Indeed, if I take off kaggle_seguro
from the top of the list here, mars craters (and the whole test) runs with no problem. https://github.com/paris-saclay-cds/ramp-workflow/blob/cv_bagging/rampwf/kits/ramp_kit.py#L11
From what I could understand, travis is downloading the mars crater data before the testing of the kaggle_seguro
is complete. Therefore the data_path
variable set to '.' refers to the mars_crater
directory and not the kaggle_seguro
one, hence the trouble we're having.
We need to add some coordination.
It happens also locally, running pytest, but I guess it's the same problem. I could get around it by catching Exception
instead of AttributeError
, but it's somewhat unsatisfying. If what you're saying is true, we may have other sync problems. The good news is that this is strictly a testing issue since in no other places we will loop through different starting kits.

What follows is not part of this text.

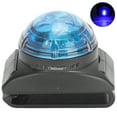 thumbnail image 1 of Gupbes LED Collar Light, Safety Warning Lamp Pet LED Pendant Light Durable For Night, 1 of 8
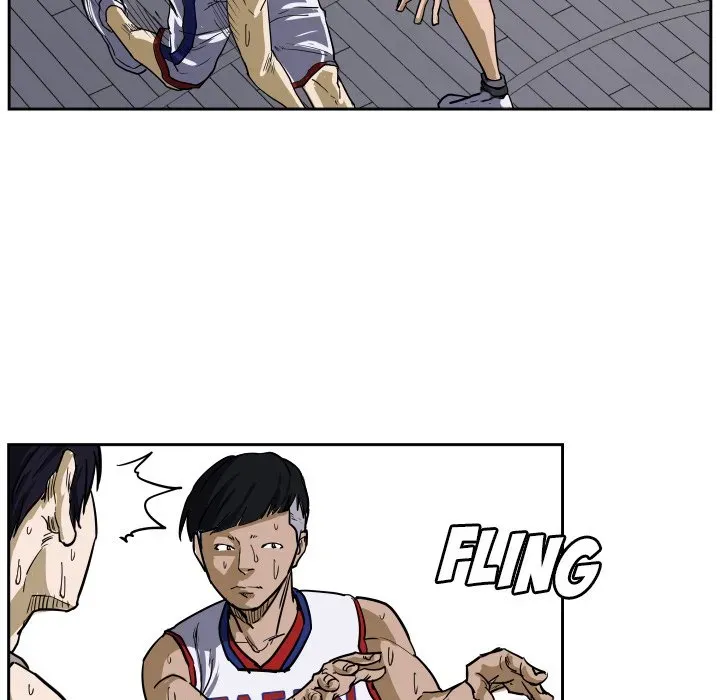 Chapter 30 — page 60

you have no async code. How can this happen?
OK, I found the problem, it was the same that made imp-ed modules unpickleable: we forgot to name the modules.
I think I'm finished. Please @aboucaud @glemaitre @jorisvandenbossche review the code. Also add comments where you think I should comment more, in case some of the additions are unclear. I wouldn't be against some modularization, assert_submission
is pretty long now.
@kegl I like the idea of coloring the output of assert_test_submission to make the overview of the output better, but I think we need a solution that is also compatible with Windows (colored
mentions it is only for linux/unix, and @glemaitre also quickly tested it on windows and it does not seem to work).
There are terminal coloring libraries that can do that I think, but I would personally leave that for a separate PR.
Small miscommunication with @glemaitre: it does not work on Windows, but also does not output any garbage (it just ignores it). So then might be fine to keep, although it would still be nice to have something that works cross-platform
what's the meaning of colors?
I agree that we need to cut up assert_submission
, will work on this.
I made the warning disappear, a bit hacky, see next commit.
Yes, I went overboard with colors. I like that the yellow stands out and shows me where the run started when I scroll back. Then green/blue/red is train/valid/test, and bright means the official score. My main purpose in the beginning was to make the official test scores stand out (bright red). Let's keep this open for now, see how it feels after getting used to it.
Not much code but will need careful review. Make it more pythonesque.